▸ WORK ORDER: Using the records below, write out again exactly the lines that begin at the line containing "Australian Shepherds from" and end at the line containing "Les 3 Pépites de la Paracha Pin'has", and no other lines.

[Short web captions]
━━━━━━
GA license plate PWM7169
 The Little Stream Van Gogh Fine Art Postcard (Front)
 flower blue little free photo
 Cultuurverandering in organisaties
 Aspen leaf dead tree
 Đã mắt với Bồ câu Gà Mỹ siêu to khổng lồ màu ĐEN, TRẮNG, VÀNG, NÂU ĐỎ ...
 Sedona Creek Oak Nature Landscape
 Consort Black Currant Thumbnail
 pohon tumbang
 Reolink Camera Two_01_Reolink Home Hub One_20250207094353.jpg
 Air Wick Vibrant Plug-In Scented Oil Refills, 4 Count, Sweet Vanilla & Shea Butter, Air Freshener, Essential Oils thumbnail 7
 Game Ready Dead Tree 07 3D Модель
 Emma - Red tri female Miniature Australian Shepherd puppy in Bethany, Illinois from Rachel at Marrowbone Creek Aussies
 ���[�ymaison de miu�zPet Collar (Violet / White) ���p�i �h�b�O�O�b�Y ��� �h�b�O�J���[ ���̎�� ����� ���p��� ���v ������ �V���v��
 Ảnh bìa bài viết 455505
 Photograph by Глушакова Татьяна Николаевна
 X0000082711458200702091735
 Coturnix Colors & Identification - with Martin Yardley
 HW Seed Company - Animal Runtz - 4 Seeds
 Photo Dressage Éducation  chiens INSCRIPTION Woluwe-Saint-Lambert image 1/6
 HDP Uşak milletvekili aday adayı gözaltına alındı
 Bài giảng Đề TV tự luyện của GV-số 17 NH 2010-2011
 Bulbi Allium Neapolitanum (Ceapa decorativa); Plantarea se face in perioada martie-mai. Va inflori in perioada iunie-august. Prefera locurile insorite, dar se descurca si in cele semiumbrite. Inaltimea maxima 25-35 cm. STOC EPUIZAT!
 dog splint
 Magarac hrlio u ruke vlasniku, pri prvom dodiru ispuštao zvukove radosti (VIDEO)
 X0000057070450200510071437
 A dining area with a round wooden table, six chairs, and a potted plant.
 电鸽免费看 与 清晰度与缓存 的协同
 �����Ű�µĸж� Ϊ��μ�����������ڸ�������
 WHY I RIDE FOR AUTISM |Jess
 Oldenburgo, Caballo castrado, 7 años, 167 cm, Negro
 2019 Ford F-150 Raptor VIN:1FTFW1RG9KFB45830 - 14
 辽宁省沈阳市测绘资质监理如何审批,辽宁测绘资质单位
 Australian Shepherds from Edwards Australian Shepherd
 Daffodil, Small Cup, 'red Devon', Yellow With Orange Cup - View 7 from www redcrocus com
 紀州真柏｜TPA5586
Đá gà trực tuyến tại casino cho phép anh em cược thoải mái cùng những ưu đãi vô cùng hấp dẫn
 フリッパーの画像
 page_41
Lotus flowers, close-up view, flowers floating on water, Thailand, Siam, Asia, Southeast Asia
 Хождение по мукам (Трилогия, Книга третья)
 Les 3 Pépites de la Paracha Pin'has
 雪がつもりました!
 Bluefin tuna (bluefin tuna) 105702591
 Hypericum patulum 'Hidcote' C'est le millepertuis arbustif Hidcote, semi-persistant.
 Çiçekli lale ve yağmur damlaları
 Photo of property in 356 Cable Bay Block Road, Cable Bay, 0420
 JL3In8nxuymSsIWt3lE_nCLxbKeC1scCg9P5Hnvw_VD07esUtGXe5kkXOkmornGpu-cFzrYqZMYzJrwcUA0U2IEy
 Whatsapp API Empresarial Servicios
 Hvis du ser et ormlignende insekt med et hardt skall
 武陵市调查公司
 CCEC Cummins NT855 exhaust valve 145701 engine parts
━━━━━━
▸ SOLUTION FOR THIS PROBLEM:
 Australian Shepherds from Edwards Australian Shepherd
 Daffodil, Small Cup, 'red Devon', Yellow With Orange Cup - View 7 from www redcrocus com
 紀州真柏｜TPA5586
Đá gà trực tuyến tại casino cho phép anh em cược thoải mái cùng những ưu đãi vô cùng hấp dẫn
 フリッパーの画像
 page_41
Lotus flowers, close-up view, flowers floating on water, Thailand, Siam, Asia, Southeast Asia
 Хождение по мукам (Трилогия, Книга третья)
 Les 3 Pépites de la Paracha Pin'has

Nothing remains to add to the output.